SUPPLIED INFORMATION:

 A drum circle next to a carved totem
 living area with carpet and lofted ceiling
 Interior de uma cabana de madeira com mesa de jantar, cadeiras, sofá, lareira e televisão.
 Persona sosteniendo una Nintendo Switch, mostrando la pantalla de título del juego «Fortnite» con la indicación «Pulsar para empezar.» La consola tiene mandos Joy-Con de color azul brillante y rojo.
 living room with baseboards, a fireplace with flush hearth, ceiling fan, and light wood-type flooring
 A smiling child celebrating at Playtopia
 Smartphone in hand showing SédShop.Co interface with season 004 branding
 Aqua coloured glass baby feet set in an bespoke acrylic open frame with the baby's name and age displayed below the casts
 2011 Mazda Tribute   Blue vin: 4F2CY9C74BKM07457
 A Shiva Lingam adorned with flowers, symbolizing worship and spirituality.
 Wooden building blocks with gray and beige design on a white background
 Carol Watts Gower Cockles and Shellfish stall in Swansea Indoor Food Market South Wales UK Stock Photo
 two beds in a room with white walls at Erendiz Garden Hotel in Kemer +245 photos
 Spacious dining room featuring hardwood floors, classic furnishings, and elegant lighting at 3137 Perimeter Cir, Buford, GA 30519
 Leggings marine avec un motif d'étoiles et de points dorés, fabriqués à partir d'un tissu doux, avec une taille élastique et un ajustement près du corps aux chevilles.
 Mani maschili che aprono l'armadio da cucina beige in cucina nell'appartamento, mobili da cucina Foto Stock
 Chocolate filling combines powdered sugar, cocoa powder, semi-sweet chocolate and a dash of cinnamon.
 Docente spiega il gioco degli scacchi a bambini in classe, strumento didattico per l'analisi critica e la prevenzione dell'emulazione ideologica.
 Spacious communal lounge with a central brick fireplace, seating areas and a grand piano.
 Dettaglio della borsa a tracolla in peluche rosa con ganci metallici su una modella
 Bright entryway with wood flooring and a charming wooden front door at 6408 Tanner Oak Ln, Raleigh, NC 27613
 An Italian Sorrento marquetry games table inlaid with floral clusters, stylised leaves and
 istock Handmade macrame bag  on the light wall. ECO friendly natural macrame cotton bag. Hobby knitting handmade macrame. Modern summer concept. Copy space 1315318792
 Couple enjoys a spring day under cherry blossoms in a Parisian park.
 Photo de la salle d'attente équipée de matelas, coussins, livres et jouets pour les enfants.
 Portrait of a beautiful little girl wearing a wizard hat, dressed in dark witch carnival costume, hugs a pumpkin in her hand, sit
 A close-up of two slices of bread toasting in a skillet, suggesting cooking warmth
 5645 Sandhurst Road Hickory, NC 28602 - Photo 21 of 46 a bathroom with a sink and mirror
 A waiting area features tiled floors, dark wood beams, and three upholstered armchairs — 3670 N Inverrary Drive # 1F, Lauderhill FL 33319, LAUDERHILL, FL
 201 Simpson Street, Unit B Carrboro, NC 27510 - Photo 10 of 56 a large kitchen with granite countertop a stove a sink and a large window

ABOUT THIS TASK: Give every line of the material that includes the string "flooring".

OUTPUT:
 living room with baseboards, a fireplace with flush hearth, ceiling fan, and light wood-type flooring
 Bright entryway with wood flooring and a charming wooden front door at 6408 Tanner Oak Ln, Raleigh, NC 27613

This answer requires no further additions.